* Work item *
An exact transcription of all the data is required, with every image removed.

* Listed entries *
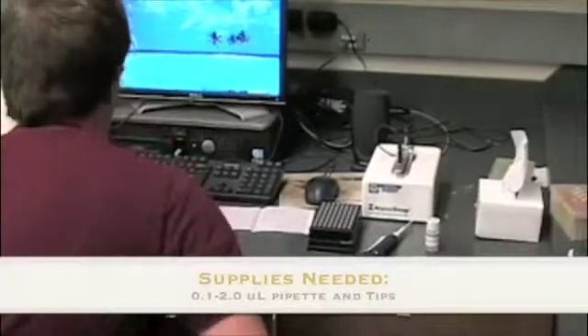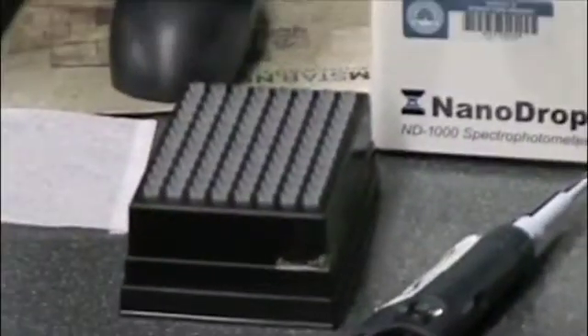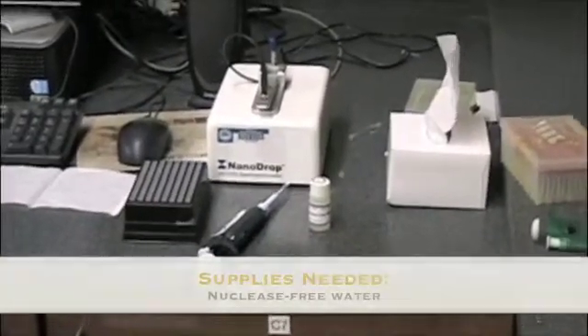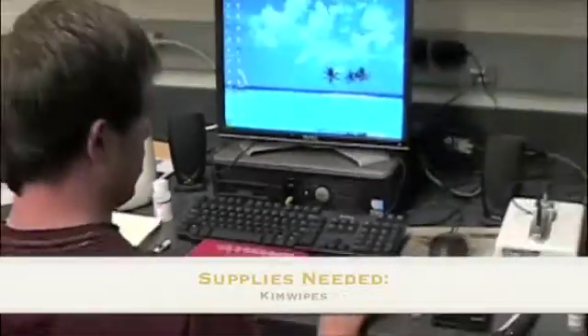So we have everything ready: a pipette, a 1-10 pipette, 1-10 pipette tips, the Nanodrop, some RNA-free water or DNA-free water, Kim wipes, our samples, and a computer.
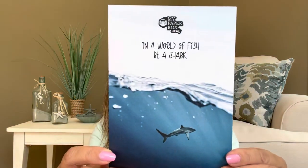So here it says, 'In a world of fish, be a shark.' This is our little information card. On the back it says, 'Welcome to the My Paper Box July 2022 edition of the Greeting Cards Collection: Sharks.' And Shark Week was just recently. This month's greeting cards are inspired by two fun holidays and the newest Eugene Clark USPS Forever stamps. July 14th is actually Shark Awareness Day, and July 18th is Women's Dive Day.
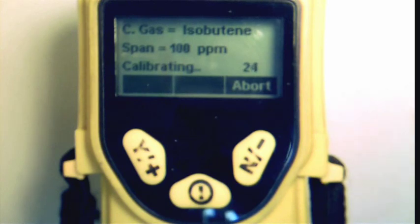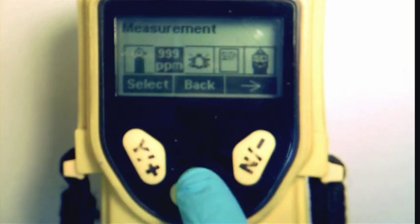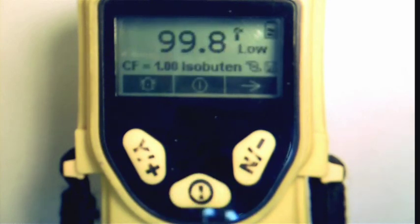Once the span calibration is complete, the display will confirm the calibrated reading. At this point, we recommend that you keep the bag connected and perform a functional bump test. The test will ensure that the calibration was successful. Press the middle button once, and then press the middle button again to go to the main display. You should notice that the unit is reading a concentration of 100 ppm, or at least within 5% of 100 ppm.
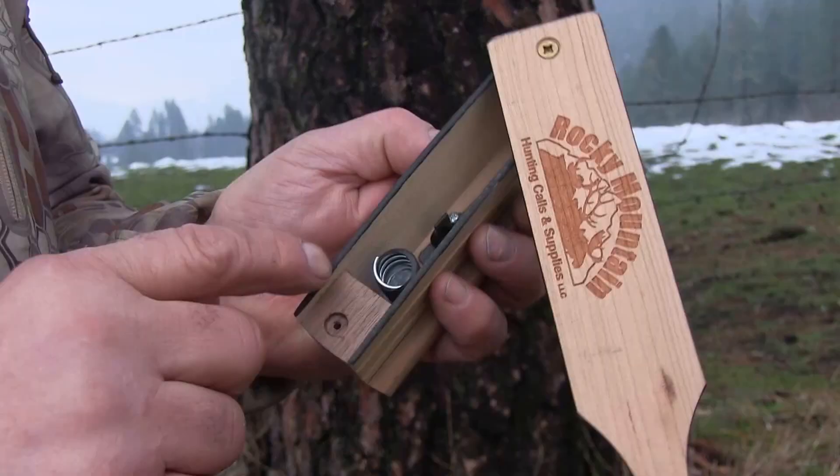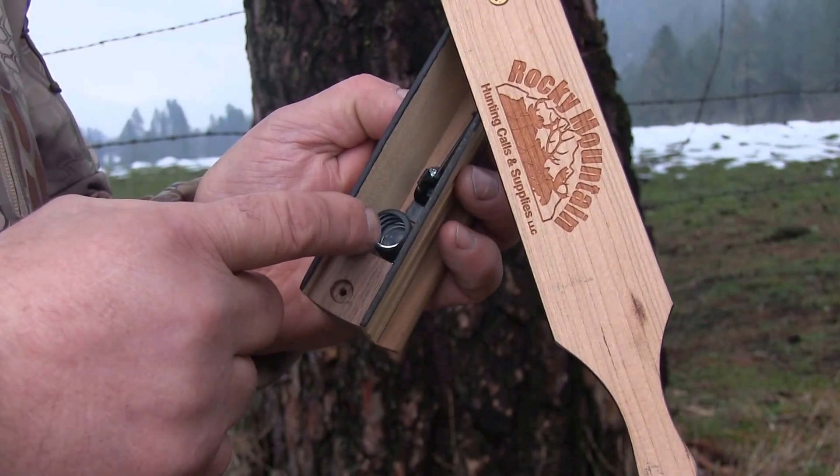Also inside the chamber box is a spring — the VET technology. That spring will amplify your sounds and get your volume out there when needed. It also stabilizes your tones: your cut, your putt, your purrs. It gets rid of that scratchy, urchy sound and makes the tone quality so much better.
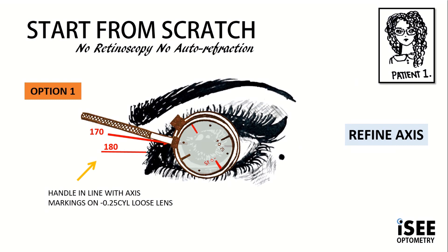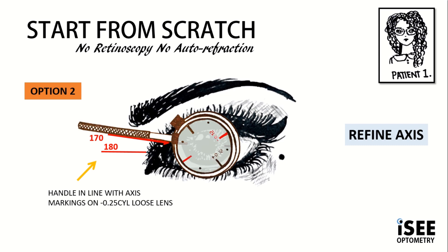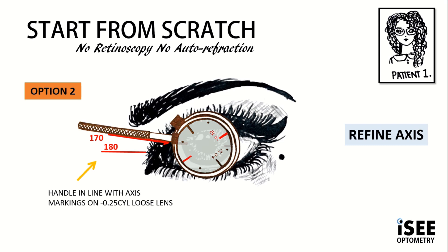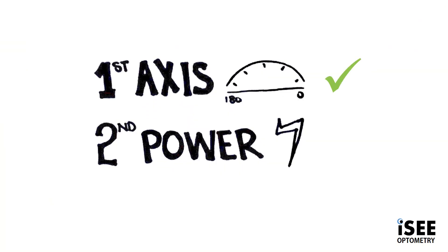We refine and repeat again. We align the handle at 170 and flip, showing the two options. With option one, we follow the red marking taking us away from the 180, closer to the 90. With option two, we're going closer to the 180. We show option one and option two, and Emily reports there is no difference — they're very similar. So we know that our axis is going to be at 170. Axis complete, now on to cylinder power.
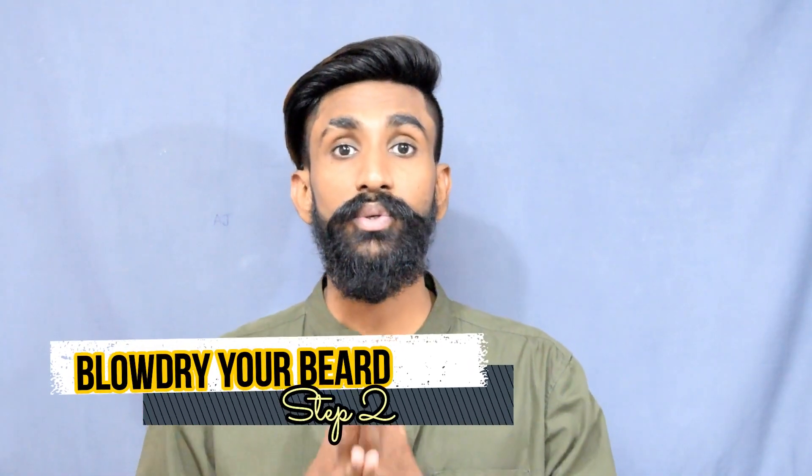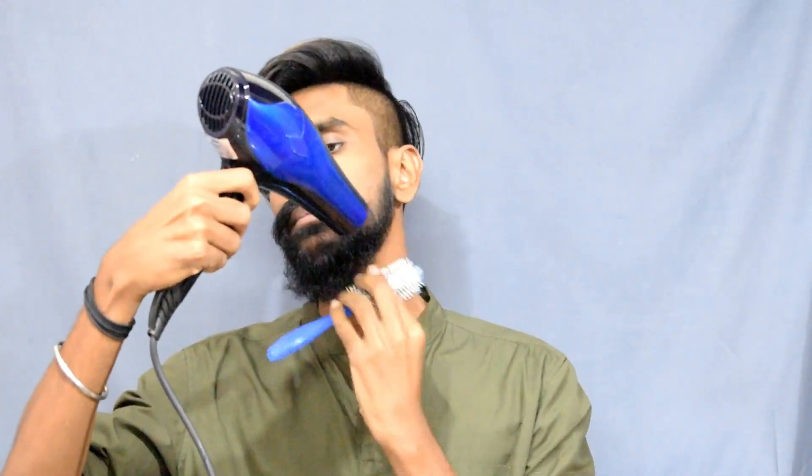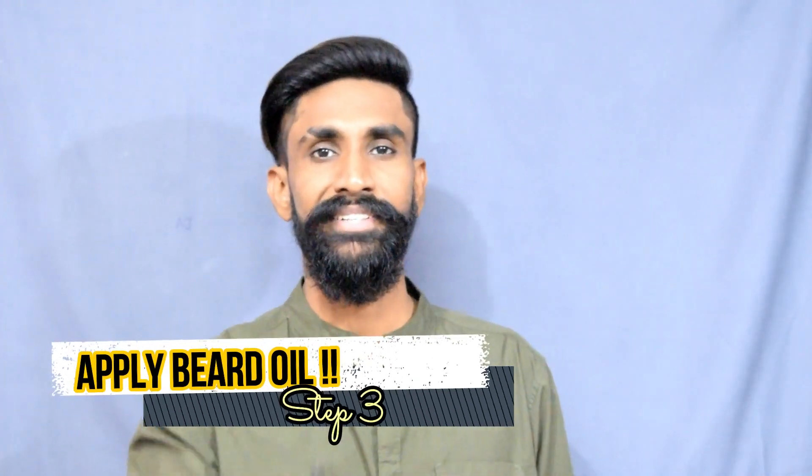Step number two: blow dry your beard in a downward direction. Step number three: apply a beard oil.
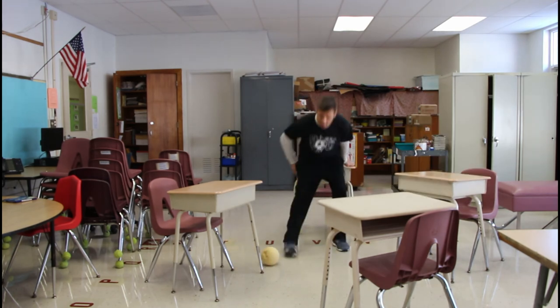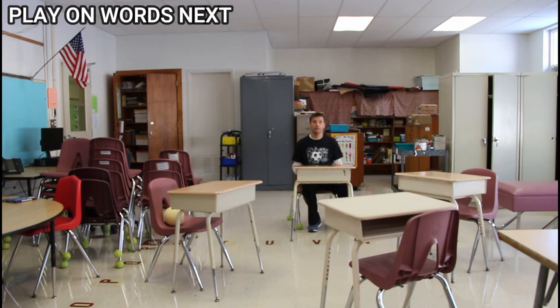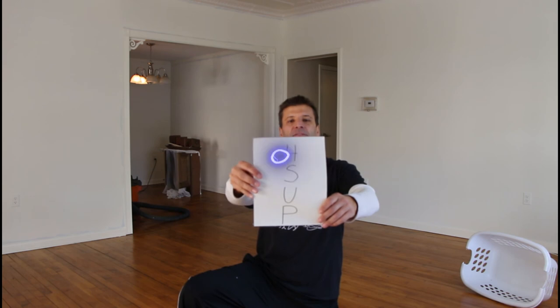If I'm out, I give it to the next person who's still in and then I sit in my chair. If you want to keep the players who are out busy, they can draw a picture or do some homework until the next round starts. Ten, nine, eight, seven, six, five, four, three, two, one — push up!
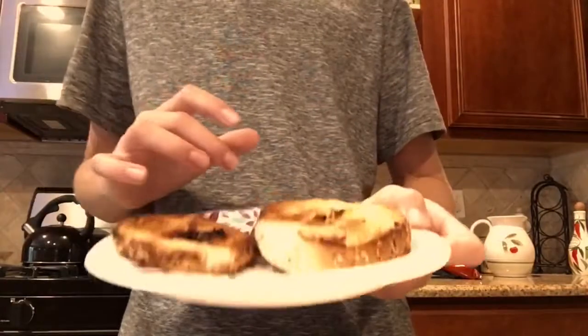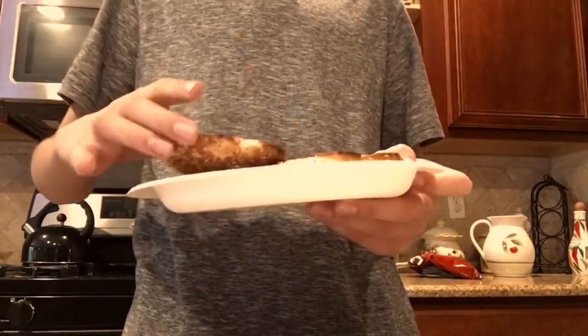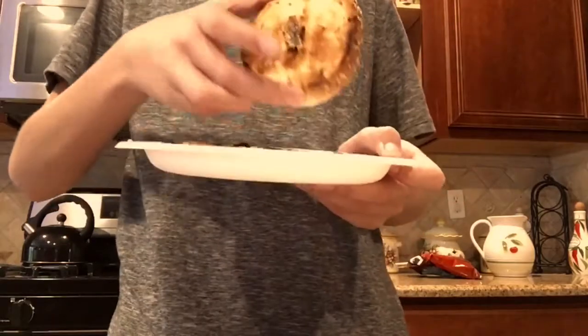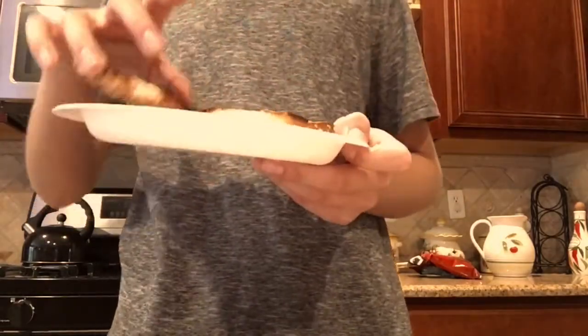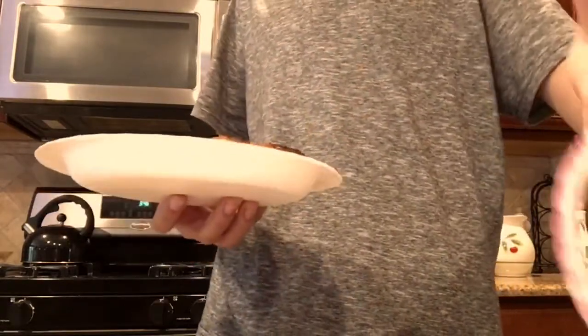I'll show you how to prepare it. First thing you want to make sure is that your bagel is nice and toasted. I overcooked mine a little, so it's a little too toasted, but just make sure you can toast it however you like to.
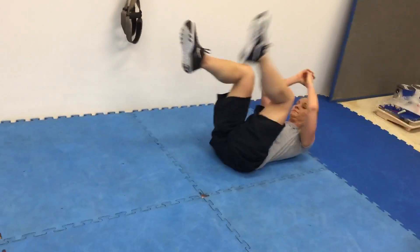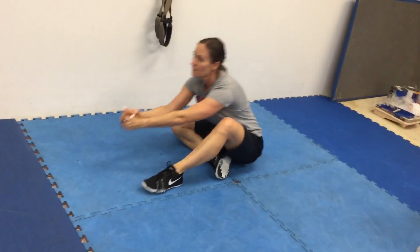Come on, get it, almost done, let's go! Hamstring curl — open up them arms and press with the heel up. Beautiful, chest!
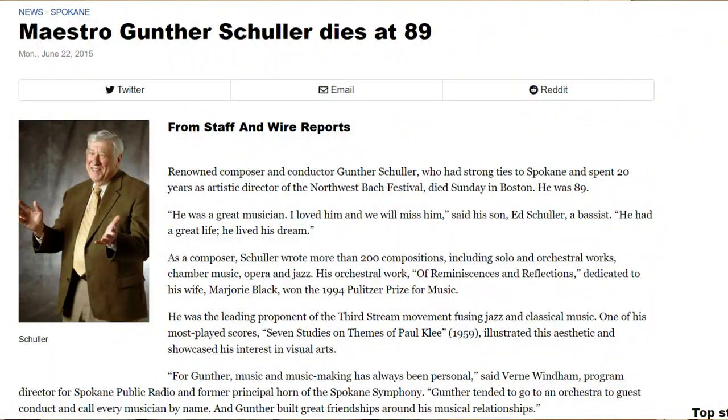If I may go on a bit of a tangent about Gunther Schuller — he spent a long time right here in Spokane, Washington. The world is very, very small. I've heard stories of his conducting and direction from multiple of my trumpet teachers who played for him in the Spokane Symphony when he would come and conduct. I was very surprised to see that he was a Giardinelli mouthpiece artist and had a cup designed for him.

* Result of this exercise *
So we have everything ready: a pipette, a 1-10 pipette, 1-10 pipette tips, the Nanodrop, some RNA-free water or DNA-free water, Kim wipes, our samples, and a computer.
So here it says, 'In a world of fish, be a shark.' This is our little information card. On the back it says, 'Welcome to the My Paper Box July 2022 edition of the Greeting Cards Collection: Sharks.' And Shark Week was just recently. This month's greeting cards are inspired by two fun holidays and the newest Eugene Clark USPS Forever stamps. July 14th is actually Shark Awareness Day, and July 18th is Women's Dive Day.
Once the span calibration is complete, the display will confirm the calibrated reading. At this point, we recommend that you keep the bag connected and perform a functional bump test. The test will ensure that the calibration was successful. Press the middle button once, and then press the middle button again to go to the main display. You should notice that the unit is reading a concentration of 100 ppm, or at least within 5% of 100 ppm.
Also inside the chamber box is a spring — the VET technology. That spring will amplify your sounds and get your volume out there when needed. It also stabilizes your tones: your cut, your putt, your purrs. It gets rid of that scratchy, urchy sound and makes the tone quality so much better.
We refine and repeat again. We align the handle at 170 and flip, showing the two options. With option one, we follow the red marking taking us away from the 180, closer to the 90. With option two, we're going closer to the 180. We show option one and option two, and Emily reports there is no difference — they're very similar. So we know that our axis is going to be at 170. Axis complete, now on to cylinder power.
Step number two: blow dry your beard in a downward direction. Step number three: apply a beard oil.
If I'm out, I give it to the next person who's still in and then I sit in my chair. If you want to keep the players who are out busy, they can draw a picture or do some homework until the next round starts. Ten, nine, eight, seven, six, five, four, three, two, one — push up!
I'll show you how to prepare it. First thing you want to make sure is that your bagel is nice and toasted. I overcooked mine a little, so it's a little too toasted, but just make sure you can toast it however you like to.
Come on, get it, almost done, let's go! Hamstring curl — open up them arms and press with the heel up. Beautiful, chest!
If I may go on a bit of a tangent about Gunther Schuller — he spent a long time right here in Spokane, Washington. The world is very, very small. I've heard stories of his conducting and direction from multiple of my trumpet teachers who played for him in the Spokane Symphony when he would come and conduct. I was very surprised to see that he was a Giardinelli mouthpiece artist and had a cup designed for him.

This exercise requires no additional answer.